All Saints Church is in Raby Road, Thornton Hough, Merseyside, England. It is an active Anglican parish church in the Deanery of Wirral, South, the archdeaconry of Chester, and the diocese of Chester. The church is recorded in the National Heritage List for England as a designated Grade II listed building.

==History==
All Saints was built in 1867–68, and paid for by Joseph Hirst. It was designed by the Huddersfield architects John Kirk and Sons. Joseph Hirst was a woollen mill owner from Wilshaw near Huddersfield, whose wife came from Chester, and he had bought a house near Thornton Hough as a place to recuperate from his business stresses. He bought land in the village to build the church for £600, and laid its foundation stone in March 1867. The cost of the church, excluding the cost of the land, amounted to about £8,500 (equivalent to £ as of ). It was consecrated on 5 May 1868 by the Rt Revd William Jacobson, bishop of Chester. In addition to paying for the building of the church, Hirst also paid for the vicarage, the school, and the school house. In addition he paid for a school and school house at Raby, a village nearby. In the early 20th century a vestry was added by Jonathan Simpson.

==Architecture==
===Exterior===
The church is constructed in rock-faced red sandstone with dressings in lighter stone. It is roofed in slate with a red tile ridge. Its architectural style is Geometrical, and it has a cruciform plan. The church consists of a four-bay nave with a northwest porch, north and south transepts, a chancel with a north organ loft and a south vestry, and a southwest tower with a broach spire. The tower has angle buttresses, two-light windows and clock faces. There is a total of five clock faces, with an additional higher one on the south side because Hirst could not see the lower face from his house. At the top of the tower is a cornice with pinnacles, and two tiers of lucarnes on the spire. The spire rises to a height of 120 ft Along the sides of the church is a Lombard frieze, buttresses, and two-light windows containing Geometrical tracery. The west window has five lights. In the transepts are three-light windows with a spherical triangle window above. The chancel has a three-light east window, and two-light windows along the sides. There is a lancet window in the organ loft, and a three-light window in the vestry.

===Interior===
Inside the church the font and reredos are in Caen stone, they were both made by T. Ruddock, and they depict biblical scenes.

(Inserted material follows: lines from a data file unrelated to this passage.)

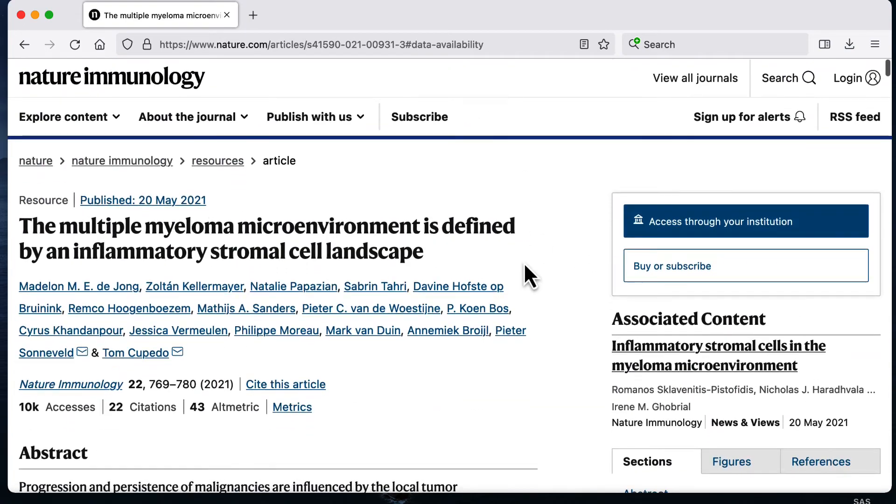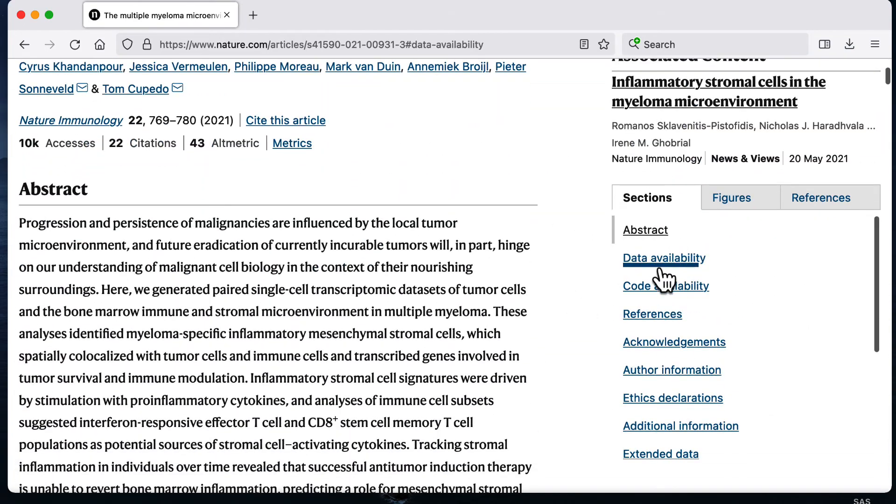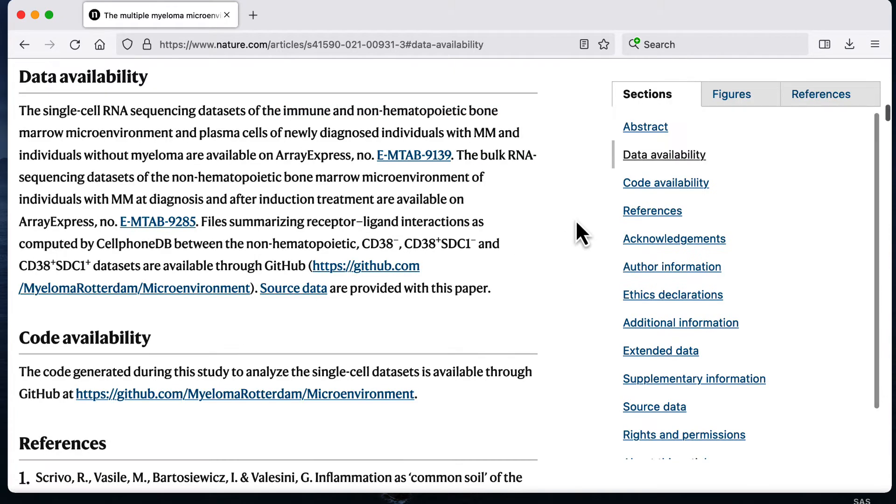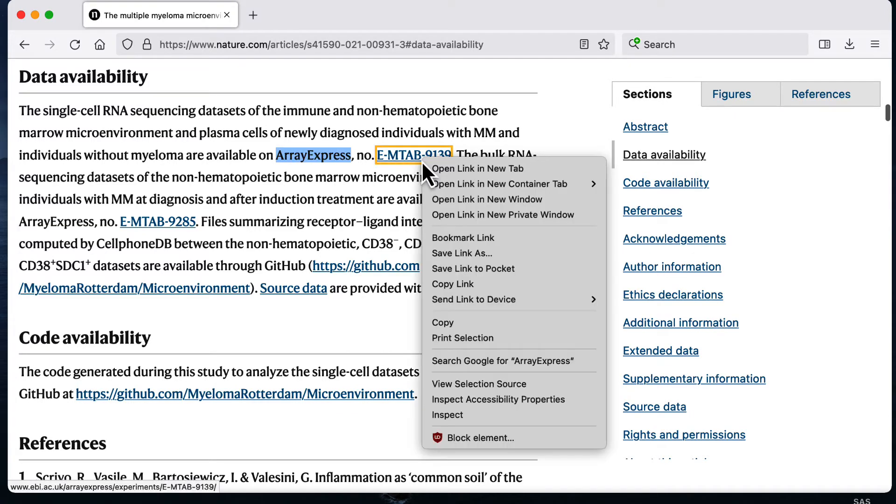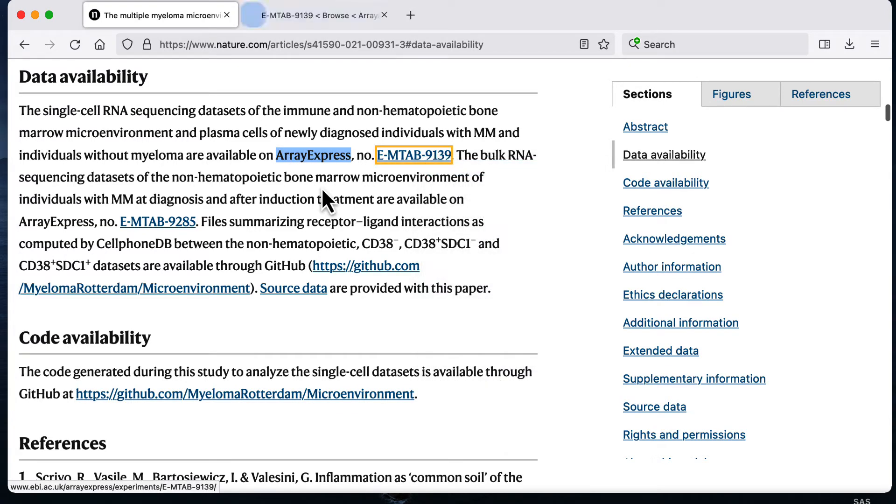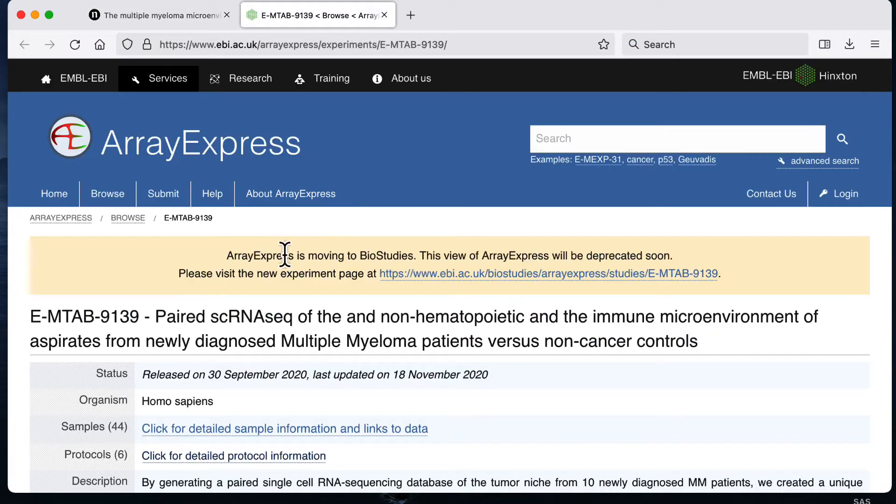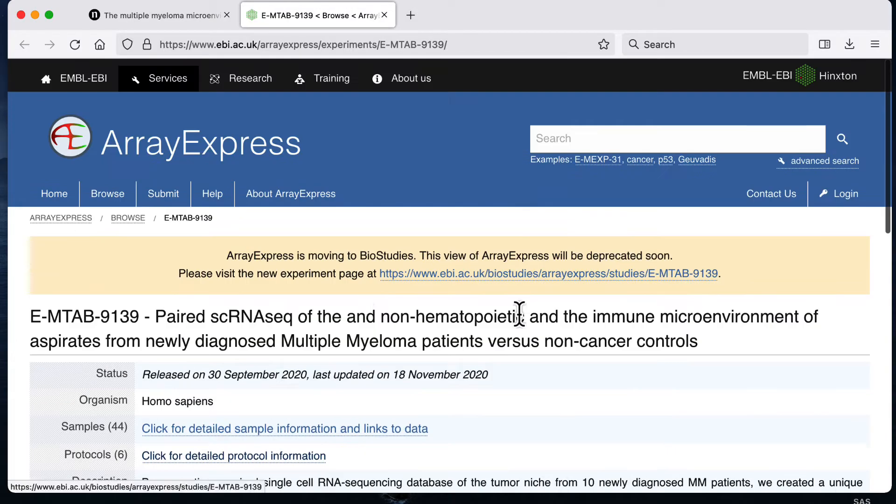When I go to the paper there's a section called data availability that explains how you can find the data. When I click that section, this paragraph gives me a link to Array Express, which is the website where the data is hosted. When I click this link it says that Array Express is soon going to be a website called Bio Studies.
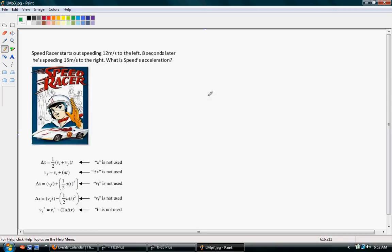Speed racer starts speeding 12 meters per second to the left. 8 seconds later, he's speeding 15 meters per second to the right. What is Speed's acceleration?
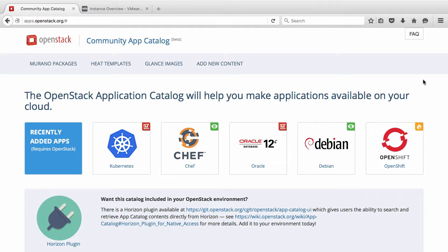Welcome to the VMware Integrated OpenStack feature demonstration. In this video, we will demonstrate how to import image formats that are non-native to the VMware vSphere hypervisor.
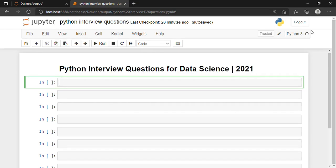Hello, in this video tutorial I am going to discuss some common interview questions in Python. These are the most frequently asked questions in Python, so without wasting time, let's get into it.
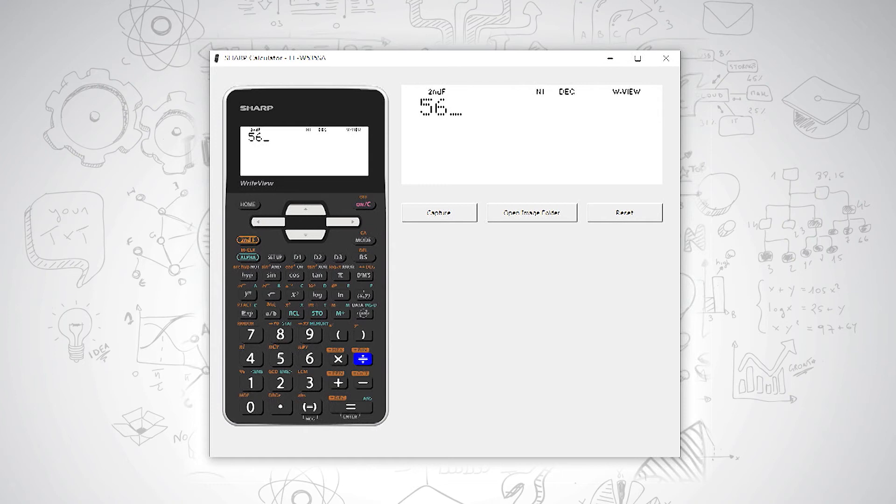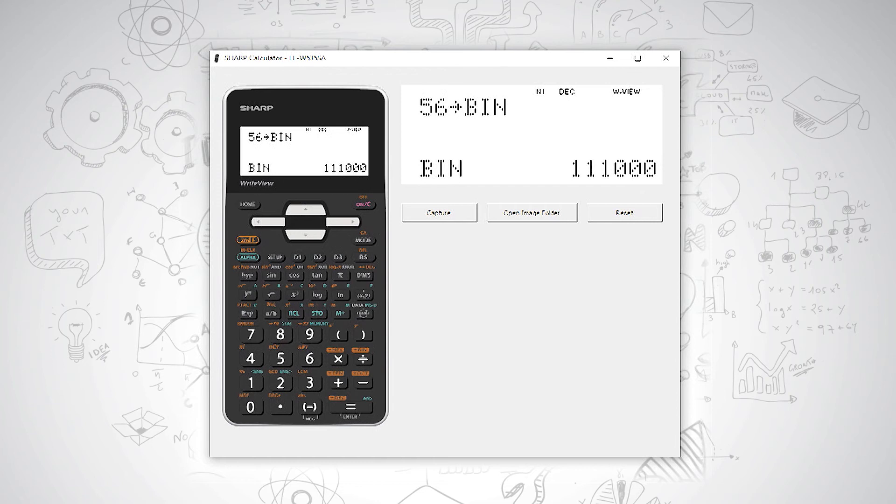So we press the divide key and it will convert 56 to 111000.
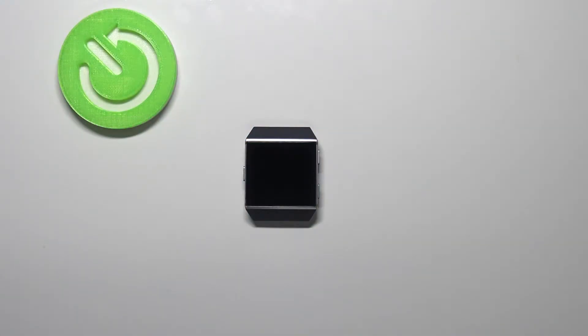Hello, in front of me I have Fitbit Ionic and I'm going to show you how to soft reset this device.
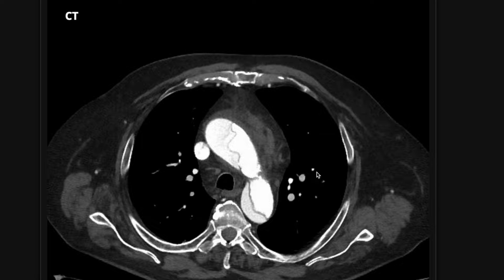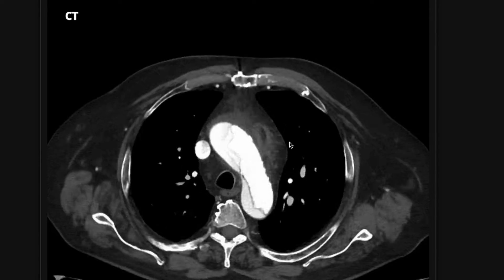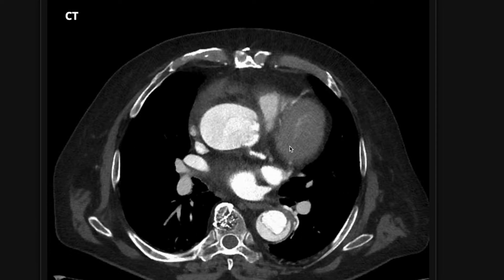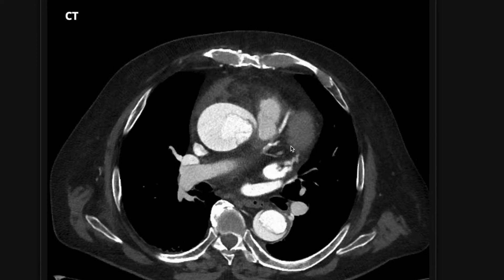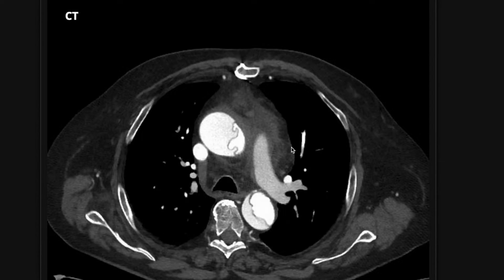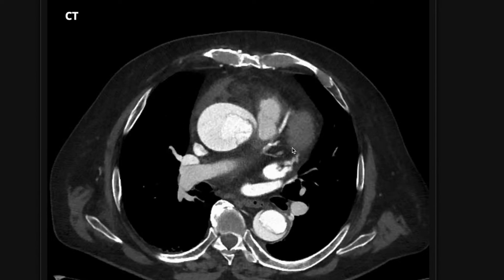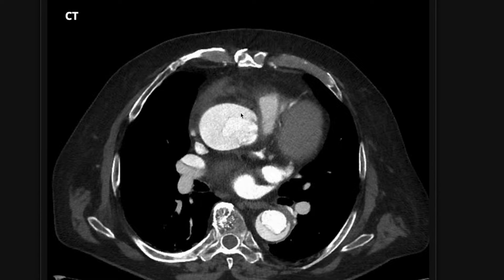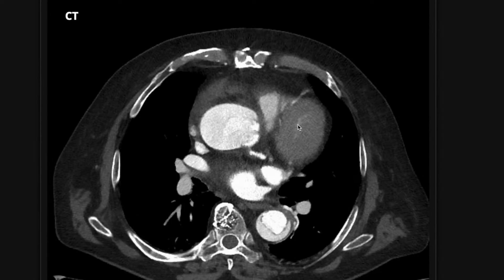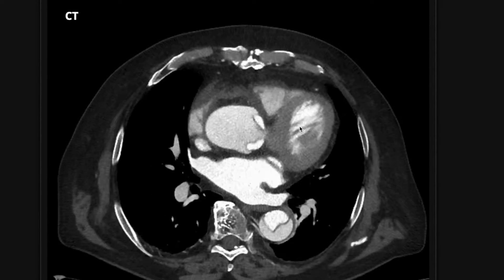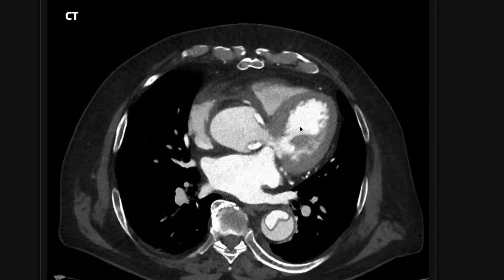Some important things to think about when you see an aortic dissection: is it type A or type B? If the dissection flap begins proximal to the brachiocephalic origin, it's a type A; anything distal is type B. Type A is a surgical emergency. In this case, we can already see the intimal flap here — we have a false lumen — so this is a type A, and cardiothoracic surgery needs to be called.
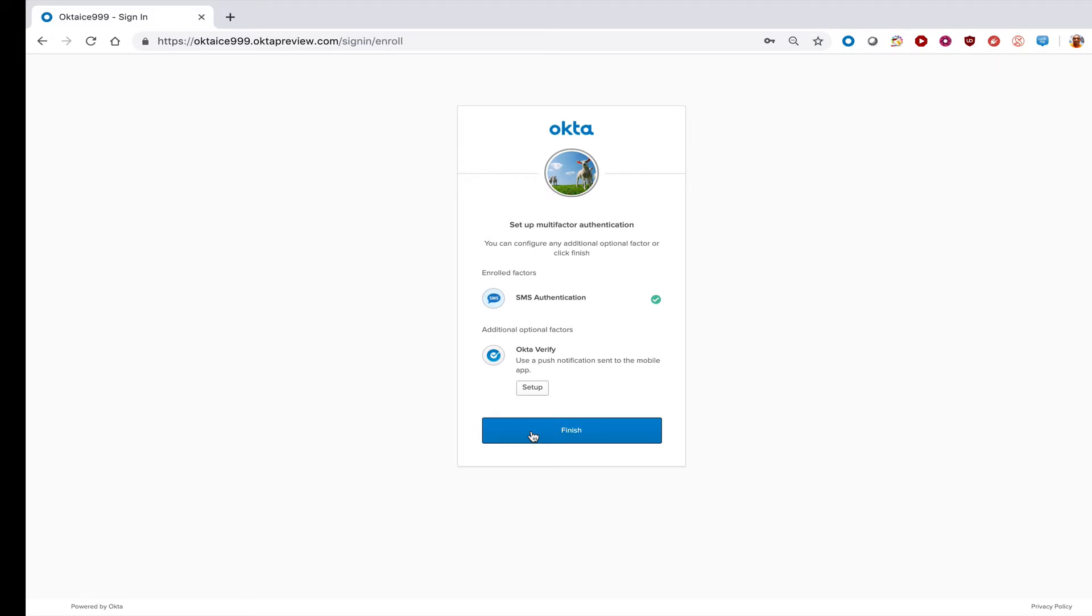Depending on your company's multi-factor authentication policy, you may be required to set up additional factors. Once you're all done, click finish.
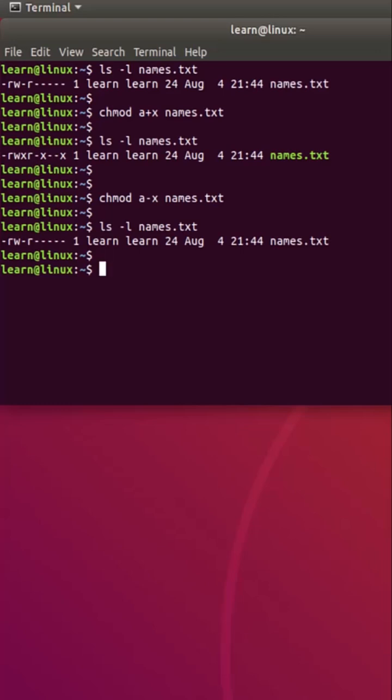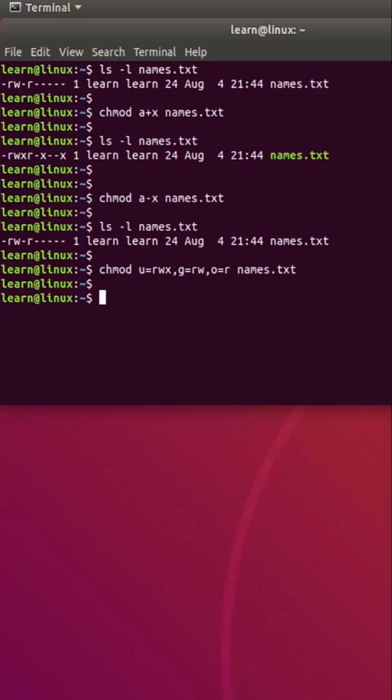Finally, if I want to set permissions for each user class with a blank slate, then I will type the following command and execute. Let's check the file permissions again and here's the result.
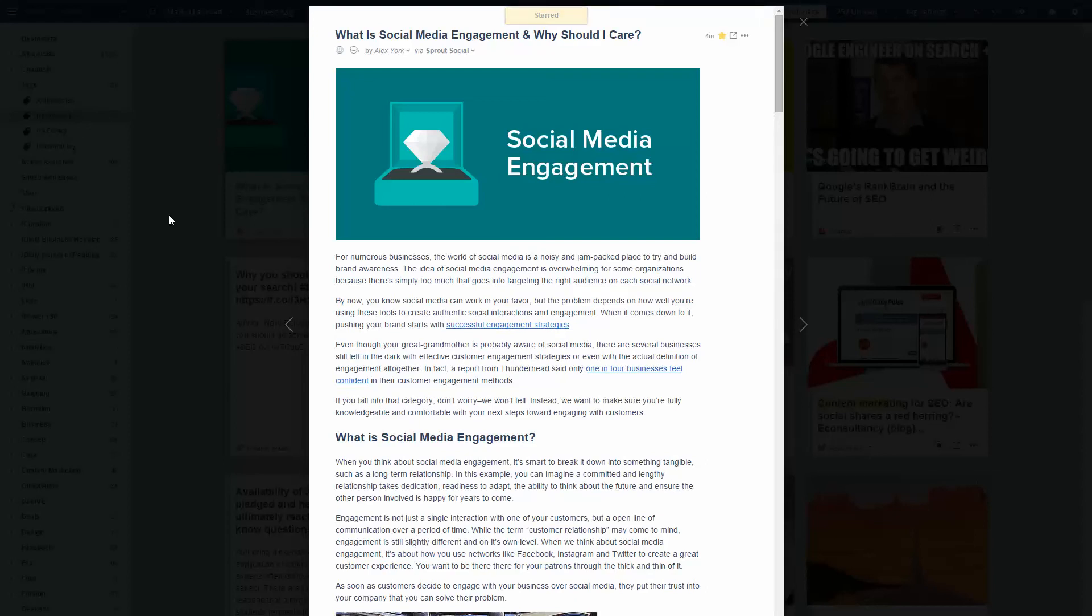This will be passed off to a tool called If This Then That. And when I favorite an article, If This Then That will pass this off to another tool called Buffer, which will ultimately send this article out as a tweet with the recommendation that people read this article.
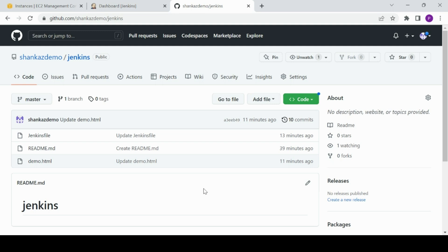Hello, welcome back to Shanka's channel — 'put your feet on cloud,' that's what my channel logo says. Today I'm going to tell you about how you can use Jenkins to deploy artifacts to an S3 bucket.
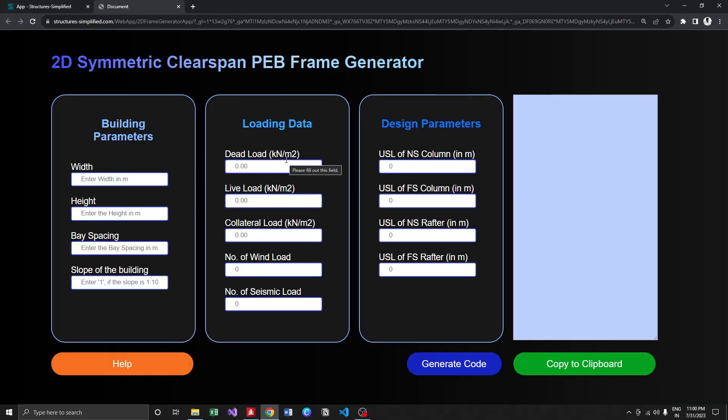is it takes your inputs and then based on the input it creates STAAD syntax, that is STAAD editor code. After which you can copy this and paste it in STAAD editor so that it generates the frame with all the necessary details.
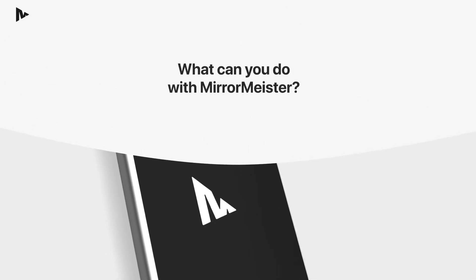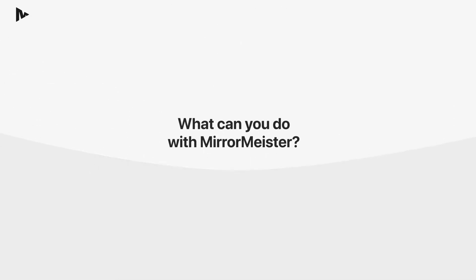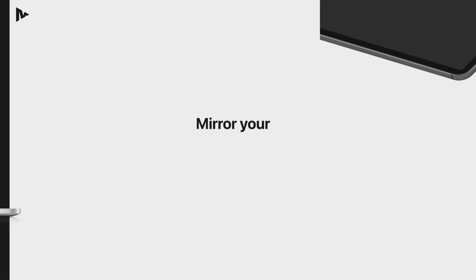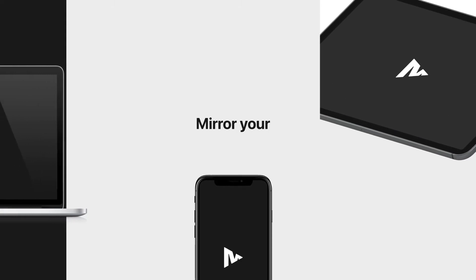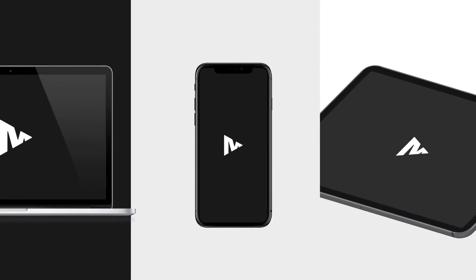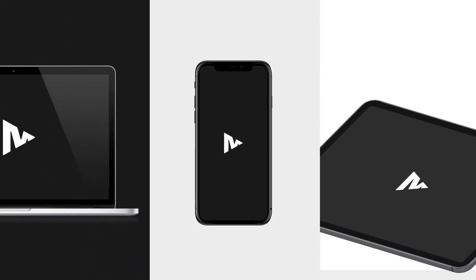What can you do with MirrorMeister? With MirrorMeister, you can easily mirror your iPhone, iPad or Mac screen to your smart TV.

The stained glass includes the east window of 1868 by Clayton and Bell. In the south transept is a window by H. G. Hiller dated 1912, which depicts Saint Michael and angels. The west window is by an unknown artist, it is a war memorial dating from about 1920, and again it depicts Saint Michael. Elsewhere there are windows by Powell's, and by A. R. Fisher (1978), William Davies (1997), and Petri Anderson (2003). In the south transept is an ornate Gothic monument to Joseph Hirst who died in 1874. The original pipe organ was made by Gray and Davison. This was replaced in 1912 by a two-manual organ by Norman and Beard. It was revoiced in 1985 by George Sixsmith.